Interview de Julie Gavras


Julie Gavras a marqué les esprits avec La faute à Fidel ! et revient cette année avec Late Bloomers, où elle se permet, excusez du peu, de filmer William Hurt et Isabella Rossellini sur une comédie sur l’âge et la difficulté à l’assumer.

Julie Gavras est une femme curieuse et charmante qui nous a accordé une interview captivante où nous parlerons aussi bien des agents de stars, que de sa famille, de ses inspirations ou de quelques anecdotes autour du film. Elle finira aussi par nous glisser quelques mots sur son « peut-être » futur projet de long-métrage. Il me semble aussi important de signaler que le film sort ce mercredi en Belgique.
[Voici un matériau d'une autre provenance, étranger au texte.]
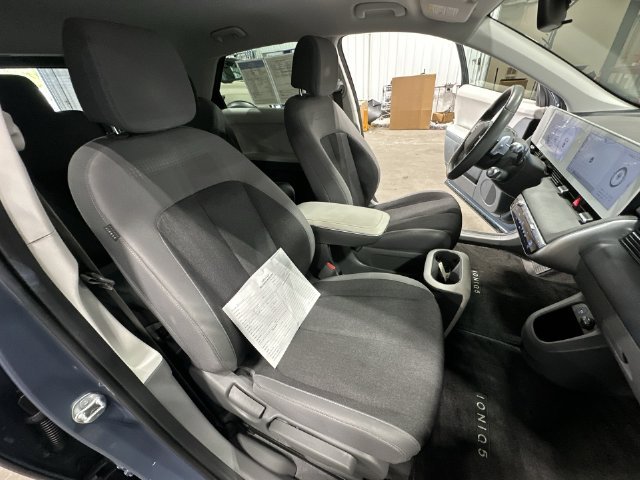 Certified Used 2023 Teal Hyundai SE image 32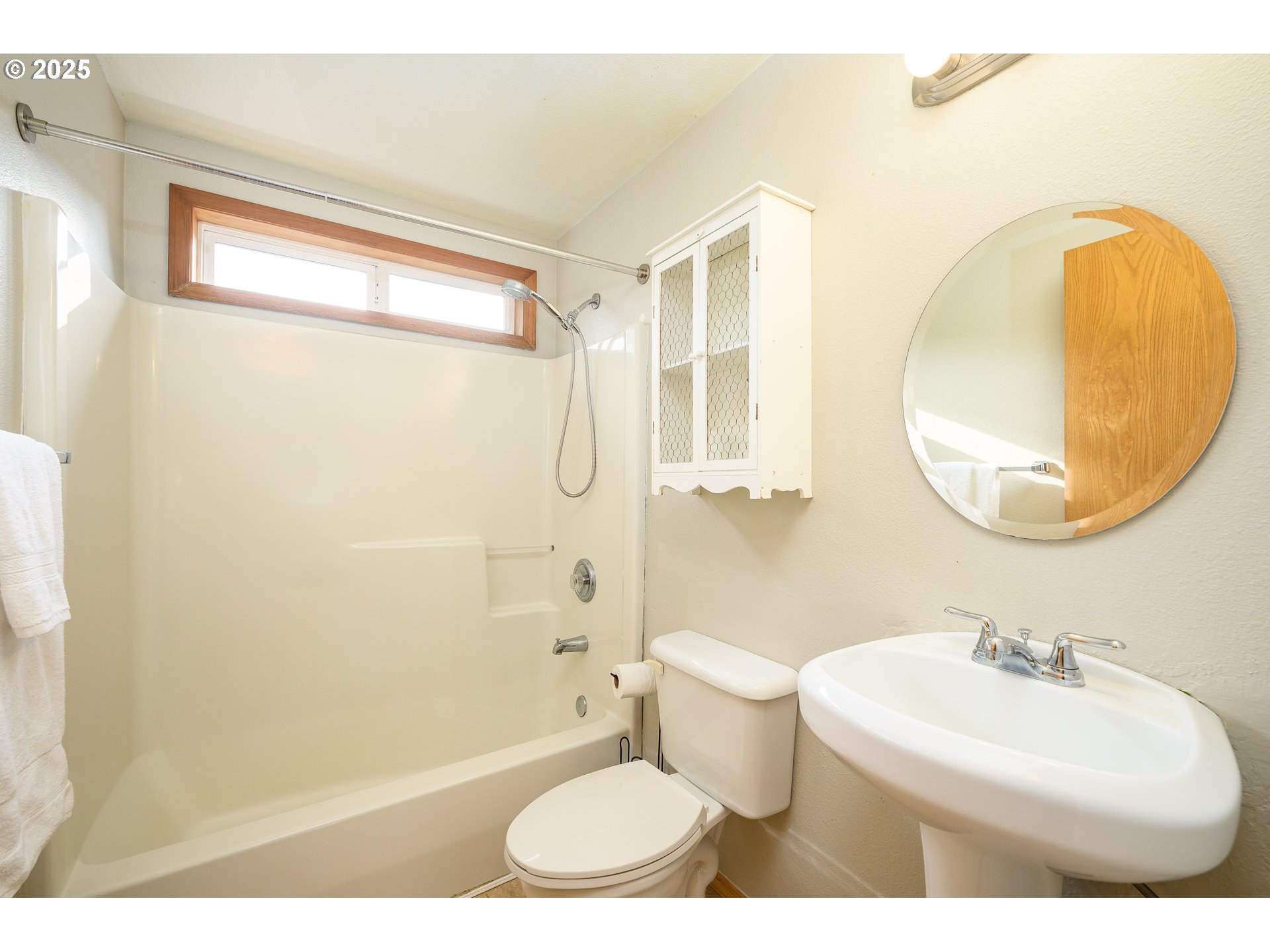 property viewer photo 21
Pour la critique du film par Matthieu :

https://www.lebourlingueurdu.net/2011/06/22/special-bff-trois-fois-20-ans-de-julie-gavras/

Bonjour, je me présente tout d’abord : Loïc du Bourlingueur du Net. Créé il y a quelques années et regroupant des étudiants, des passionnés, des stagiaires, etc. qui couvrent bénévolement festivals de cinéma, de musique,…. se déplacent dans les théâtres, critiquent films ou albums sortis dernièrement. Essentiellement en Belgique et peu à peu, en France.

La question traditionnelle est : quelle utilisation d’internet avez-vous ?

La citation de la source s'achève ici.